Ah, haven't done that yet. Man, I need to play this game some more. Having a job and going to school really eats away video game time.


----------



## Colour Bandit (Sep 26, 2010)

I think games like CoD and Halo are overrated. CoD WaW was a bit educational in the history department, but other CoD games are just shooting to me, just my opinion so don't kill me.
I think Okami and similar underreated games need more attention.


----------



## Deleted User (Sep 26, 2010)

the entire halo and call of duty series. so unoriginal and repetitive


----------



## //RUN.exe (Sep 26, 2010)

halo: reach

OH

OH MY GOD YOU CAN MOVE BOXES AND CHANGE COLORS AND *censored.2.0*

OOHHH

OOHHHH MY GOD


----------



## Conor (Sep 26, 2010)

Ocarina of Time


----------



## «Jack» (Sep 26, 2010)

Every realistic firstperson shooter clone ever made.
LOOK! You can kill someone with a gun! And in the next game, you can kill them with, wait for it, A DIFFERENT GUN.


----------



## YouPieToo? (Sep 26, 2010)

LittleBigOverrated


----------



## Ron Ronaldo (Sep 26, 2010)

-Jack- said:
			
		

> Every realistic firstperson shooter clone ever made.
> LOOK! You can kill someone with a gun! And in the next game, you can kill them with, wait for it, A DIFFERENT GUN.

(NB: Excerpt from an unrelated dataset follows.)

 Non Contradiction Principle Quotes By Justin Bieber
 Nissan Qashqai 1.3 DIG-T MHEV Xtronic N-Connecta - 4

This. :< Every Co... Call of Duty. Some Final Fantasies (7, anyone?), even though I love them.


----------



## Niya (Sep 26, 2010)

Kobry614 said:
			
		

> Pokemon


*Gasp!* I'm offended. Not really, I could care less. 

@Topic: I dunno. Mario and Sonic at the Olympic Games, 'cuz I get a headache every time I play it. Plus, one time I was doing to 400-hurdle dash and the nunchuk wire whipped my in the eye. It hurt and swelled up.


----------



## Bacon Boy (Sep 26, 2010)

Mochacho said:
			
		

> Kobry614 said:
> 
> 
> 
> ...


Overrated doesn't mean if you like it or not. It basically means overpopulated.


----------



## Niya (Sep 26, 2010)

Bacon Boy said:
			
		

> Mochacho said:
> 
> 
> 
> ...


Exactly.


----------



## Deleted User (Sep 26, 2010)

Mochacho said:
			
		

> Bacon Boy said:
> 
> 
> 
> ...


but mario and sonic at the olympic games got a low rating


----------



## Niya (Sep 26, 2010)

jonny313 said:
			
		

> Mochacho said:
> 
> 
> 
> ...


Not from the people who have it. Maybe people who saw the game we're like, "That game looks terrible. BAD RATING." Maybe they've never played it. 9/10 they probably have, but you never know...


----------



## Bacon Boy (Sep 26, 2010)

jonny313 said:
			
		

> Mochacho said:
> 
> 
> 
> ...


By pretty much every game reviewer. It was not popular. 

And yes, the game reviewers play the games they review.


----------



## Deleted User (Sep 26, 2010)

Bacon Boy said:
			
		

> jonny313 said:
> 
> 
> 
> ...


yeah, all those dumb mario sports games suck. Having sonic in it didn't help either.


----------



## Niya (Sep 26, 2010)

jonny313 said:
			
		

> Bacon Boy said:
> 
> 
> 
> ...


Both characters separately aren't_ that_ bad. But, together, they're just...bleh.


----------



## Bacon Boy (Sep 26, 2010)

Mochacho said:
			
		

> jonny313 said:
> 
> 
> 
> ...


No. They'd be fine in an awesome action game, but no. They decide to do a sports game.


----------



## Niya (Sep 26, 2010)

Bacon Boy said:
			
		

> Mochacho said:
> 
> 
> 
> ...


Yeah, action games work. Like SSBB. They're together and it's an awesome game.


----------



## Dimitri Petrenko (Sep 29, 2010)

Pokemon, dont see anything special about it.


----------



## Psychonaut (Sep 29, 2010)

Animefan said:
			
		

> Pokemon, dont see anything special about it.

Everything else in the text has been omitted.